Records for the task: Begin

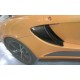 Ecope carbone Elise S2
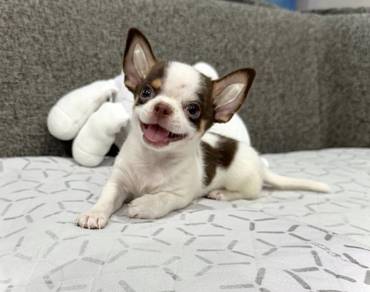 CHIHUAHUA PUPPIES 144🌷Head Apple Bonnie Dog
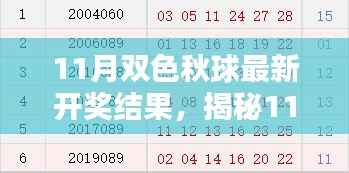 11月双色秋球最新开奖结果，揭秘11月双色秋球最新开奖结果——新手入门指南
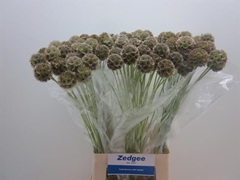 Scabiosa Stellata 70cm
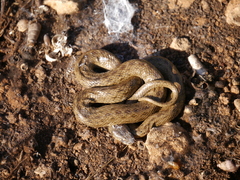 Macroprotodon mauritanicus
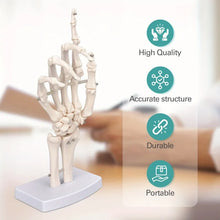 Load image into Gallery viewer, Hand Skeleton Hand Bone Statues Anatomical Skeleton Figurine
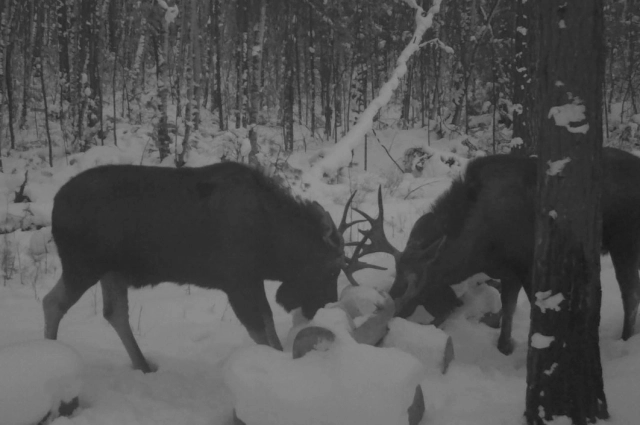 Лоси у солонца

Records for the task: End

*Problem details:* The records above must be copied exactly, with no pictures carried over.

*Exercise response:*
 Ecope carbone Elise S2
 CHIHUAHUA PUPPIES 144🌷Head Apple Bonnie Dog
 11月双色秋球最新开奖结果，揭秘11月双色秋球最新开奖结果——新手入门指南
 Scabiosa Stellata 70cm
 Macroprotodon mauritanicus
 Load image into Gallery viewer, Hand Skeleton Hand Bone Statues Anatomical Skeleton Figurine
 Лоси у солонца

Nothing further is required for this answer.